**Information**
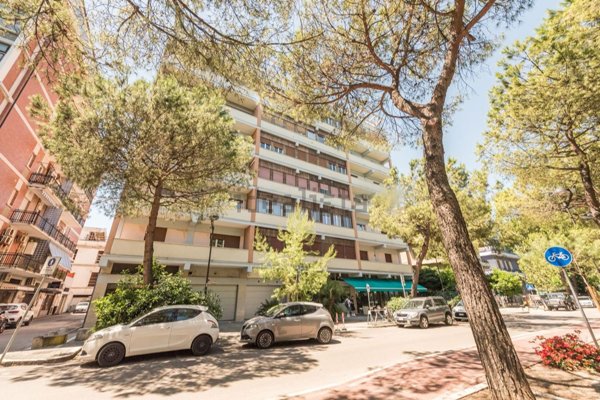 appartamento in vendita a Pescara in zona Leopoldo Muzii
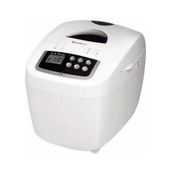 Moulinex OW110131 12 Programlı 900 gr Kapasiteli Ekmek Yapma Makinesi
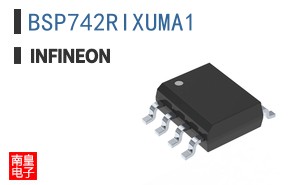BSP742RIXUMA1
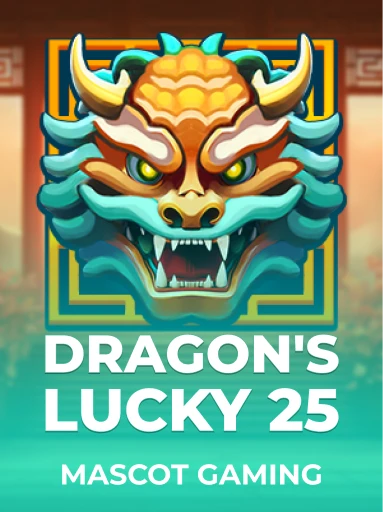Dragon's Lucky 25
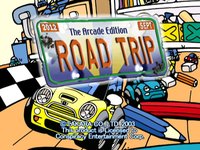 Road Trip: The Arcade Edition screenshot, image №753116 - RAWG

**Problem requirements**
What you need to retype is every line from the one that has "BSP742RIXUMA1" through the last line of the listing, both included, with the pictures left out.

**Response for this exercise**
BSP742RIXUMA1
Dragon's Lucky 25
 Road Trip: The Arcade Edition screenshot, image №753116 - RAWG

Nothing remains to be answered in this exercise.